Her own house seemed empty, banal, vulgar. For the first time in her life, she felt the banality and emptiness even of her own milieu. Though the Casa de las Cuentas was not purely her own milieu.

“Ah Niña, how good! How good that you have come! Ay, in the night, how much water! Much! Much! But you were safe in the hacienda, Niña. Ah, how nice, that hacienda of Jamiltepec. Such a good man, Don Ramón—isn’t he, Niña? He cares a great deal for his people. And the Señora, ah, how sympathetic she is!”

Kate smiled and was pleasant. But she felt more like going into her room and saying: For God’s sake, leave me alone, with your cheap rattle.

She suffered again from the servants. Again that quiet, subterranean insolence against life, which seems to belong to modern life. The unbearable note of flippant jeering, which is underneath almost all modern utterance. It was underneath Juana’s constant cry.—Niña!

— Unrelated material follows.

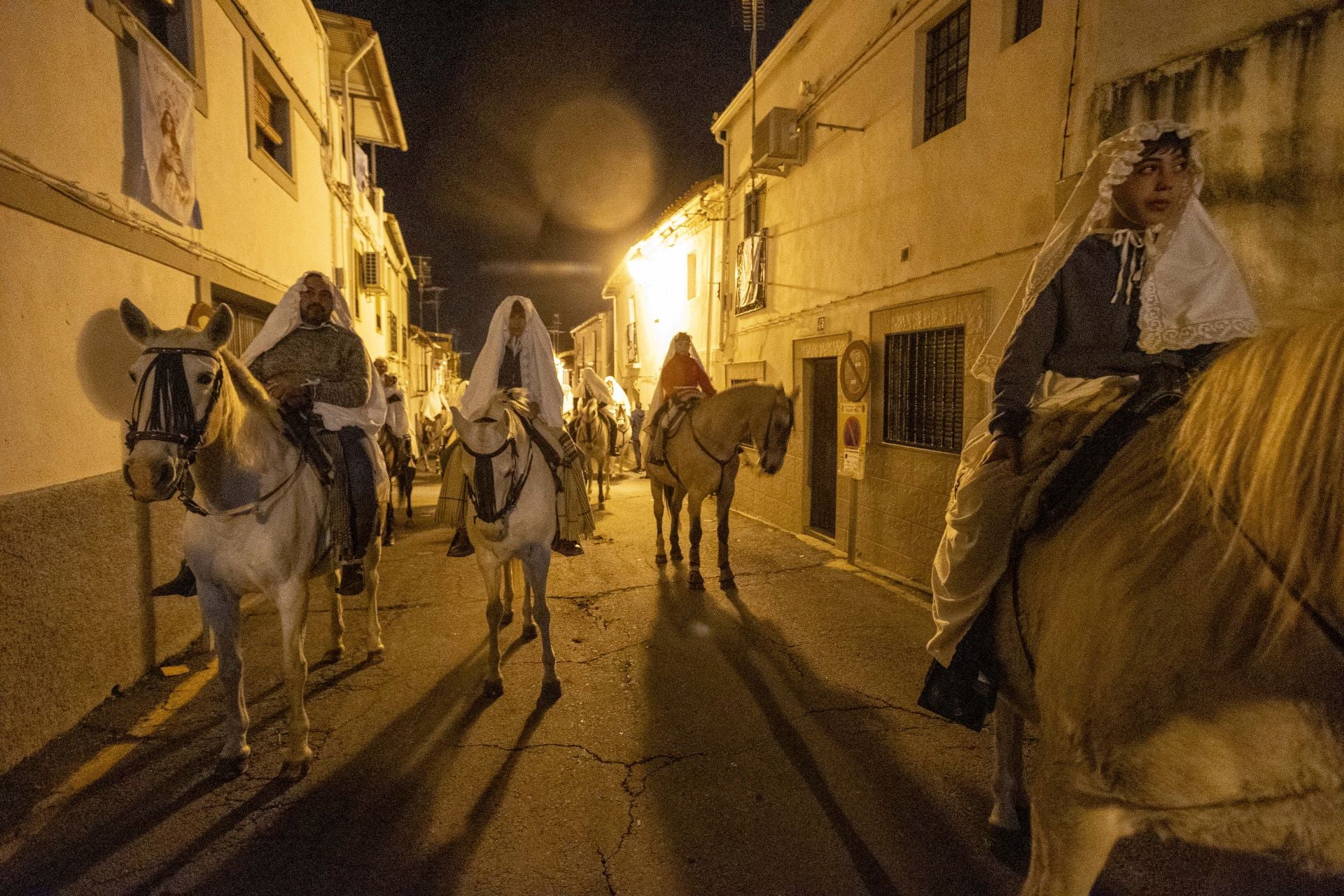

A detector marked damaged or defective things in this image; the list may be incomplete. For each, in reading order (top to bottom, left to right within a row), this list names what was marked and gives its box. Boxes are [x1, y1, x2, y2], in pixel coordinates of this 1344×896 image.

cracked asphalt road [2, 473, 1344, 890]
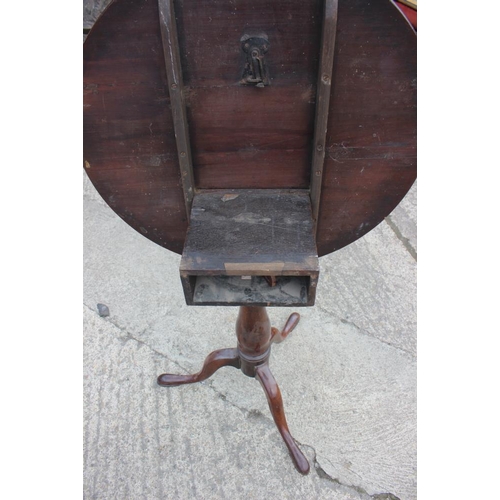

Niña!

At meal-times Juana would seat herself on the ground at a little distance from Kate, and talk, talk in her rapid mouthfuls of conglomerate words with trailing, wistful endings: and all the time watch her mistress with those black, unseeing eyes on which the spark of light would stir with the peculiar slow, malevolent jeering of the Indian.

Kate was not rich—she had only her moderate income.

“Ah, the rich people—!” Juana would say.

“I am not rich,” said Kate.

“You are not rich, Niña?” came the singing, caressive bird-like voice: “Then, you are poor?”—this was indescribable irony.

“No, I am not poor either. I am not rich, and I am not poor,” said Kate.